O dinheiro curto obrigava o marido de Isabel a se desdobrar. Podia não comprar presentes de Natal, mas sabia defender o estômago dos oito lá de casa. Foi assim que, contratado para tocar numa festa de vários dias, organizada por ciganos de passagem por Guaxupé, não titubeou quando sentiu cheiro de carne assada. No intervalo entre uma e outra seleção, correu para casa. Minutos depois lá estava ele de volta ao palco, enquanto a mulher e os filhos se empanturravam de frango, boi e peru.

No dia-a-dia, porém, imperava a austeridade na casa de Godinho, administrada com mão-de-ferro por Isabel. Ai daquele que ousasse romper o silêncio enquanto ela, musical como o marido e os filhos, estudava flauta transversal. Armava-se com uma cinta e acabava com qualquer ruído feito pelos meninos ou pelo gato rajado que perambulava pelos cômodos. Embora remoto o perigo da rua, dona Isabel não facilitava. Brincar lá fora a convite da garotada da vizinhança?

– Ninguém sai – era a determinação mais ouvida.

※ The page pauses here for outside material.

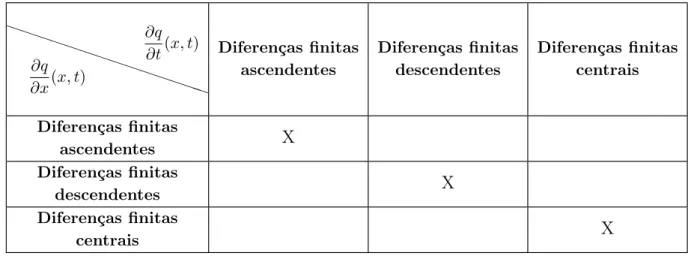 Tabela 4.1.: Combinações das fórmulas das diferenças finitas usadas no problema em questão.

Melhor, para ela e o marido, era que as crianças aprendessem a tocar. Poderiam integrar a orquestra e ajudar a cobrir as despesas da casa. Foi assim que eles se iniciaram, sob a pedagogia dura de Godinho: a cada nota errada, uma lambada na mão. O primeiro a estudar foi Clóvis. Em pouco tempo dominou com extrema facilidade o sax e a requinta, um clarinete pequeno. Num fim de tarde modorrento Godinho foi ver quem batia palma na varanda da casa. Eram músicos da cidade. Queriam saber de onde vinha aquele som ao mesmo tempo limpo e vigoroso.

– É o Clóvis – respondeu o anfitrião.

Godinho levou-os até o quarto. Lá estava o menino, equilibrando-se num caixote para alcançar com os olhos a partitura aberta sobre uma estante. Tocando em pé para não raspar o instrumento no chão, Clóvis logo integraria o conjunto do pai.


A segurança de Clóvis ao sax, ao clarinete e o que mais pusessem em suas mãos – o bandoneón, por exemplo – enfeitiçaria para sempre quem o ouvisse. E quem mais ficou marcado pela sua genialidade foi mesmo Casé, que passaria a vida inteira elogiando o irmão. Clóvis assombrava. Foi assim desde o nascimento, quando Malvina, mãe de Godinho, viu o neto recém-nascido, respirou fundo e avisou:

– Esse menino não é nosso.

Os elogios a Clóvis e à orquestra não bastavam para sossegar Godinho. Havia algo que o incomodava. Ele se esforçava o quanto podia para adiantar o serviço e, assim, poder animar bailes na região. Mas tanta eficiência, segundo se queixava discretamente em casa, havia se tornado tema de mexericos nos corredores da fábrica.

Aguentou o quanto pôde. Um dia, no fim de 1939, anunciou a decisão a Isabel: iriam embora, e não mais morariam numa única cidade. Morariam em várias. Seriam artistas do Circo Teatro Irmãos Martins, cuja temporada em Guaxupé estava próxima do fim.